■ Exercise details: Below are records with pictures. Reproduce exactly the lines from the line with "Blühende Lavendelfelder" to the line with "VII Jornadas Gastronómicas", inclusive, and leave each picture out.

■ Material supplied:
= = = =

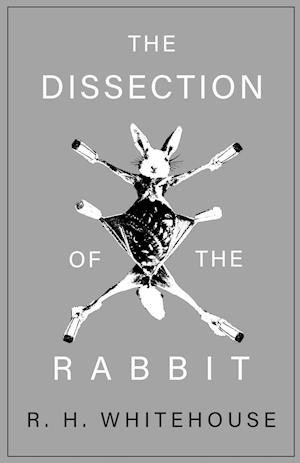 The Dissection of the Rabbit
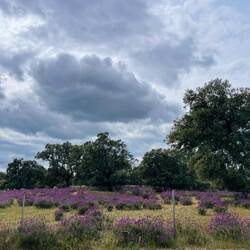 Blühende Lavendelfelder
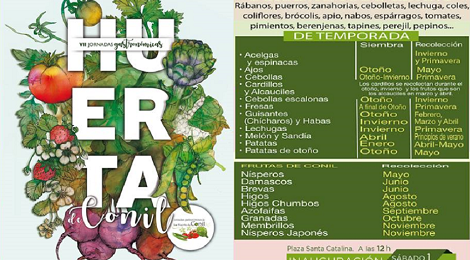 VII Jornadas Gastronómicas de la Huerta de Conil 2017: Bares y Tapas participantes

= = = =

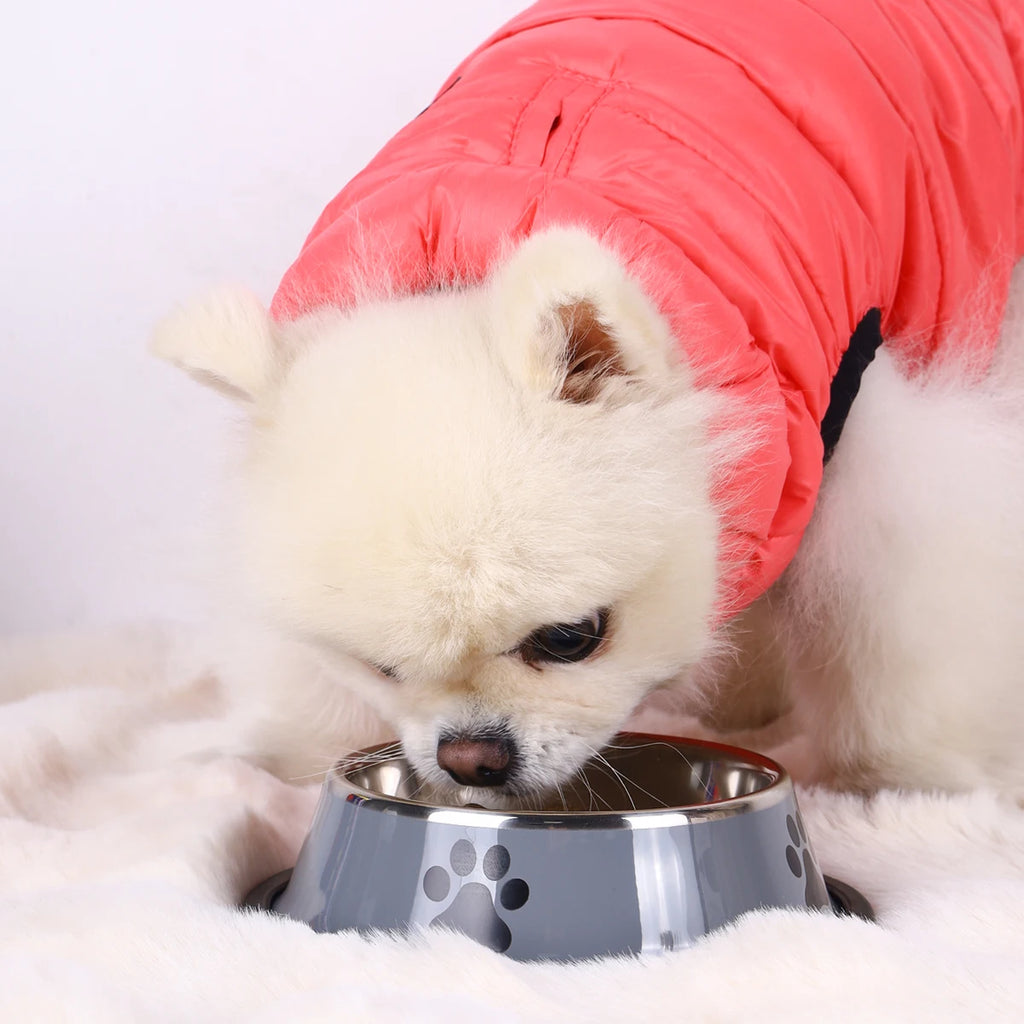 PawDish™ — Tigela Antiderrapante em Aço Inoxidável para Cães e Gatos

= = = =

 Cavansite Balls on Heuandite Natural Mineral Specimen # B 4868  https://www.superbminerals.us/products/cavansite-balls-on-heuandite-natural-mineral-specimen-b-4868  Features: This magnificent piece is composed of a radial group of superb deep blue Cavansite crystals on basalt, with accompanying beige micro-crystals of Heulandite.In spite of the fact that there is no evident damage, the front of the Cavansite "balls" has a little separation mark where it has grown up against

= = = =

■ Expected answer:
 Blühende Lavendelfelder
 VII Jornadas Gastronómicas de la Huerta de Conil 2017: Bares y Tapas participantes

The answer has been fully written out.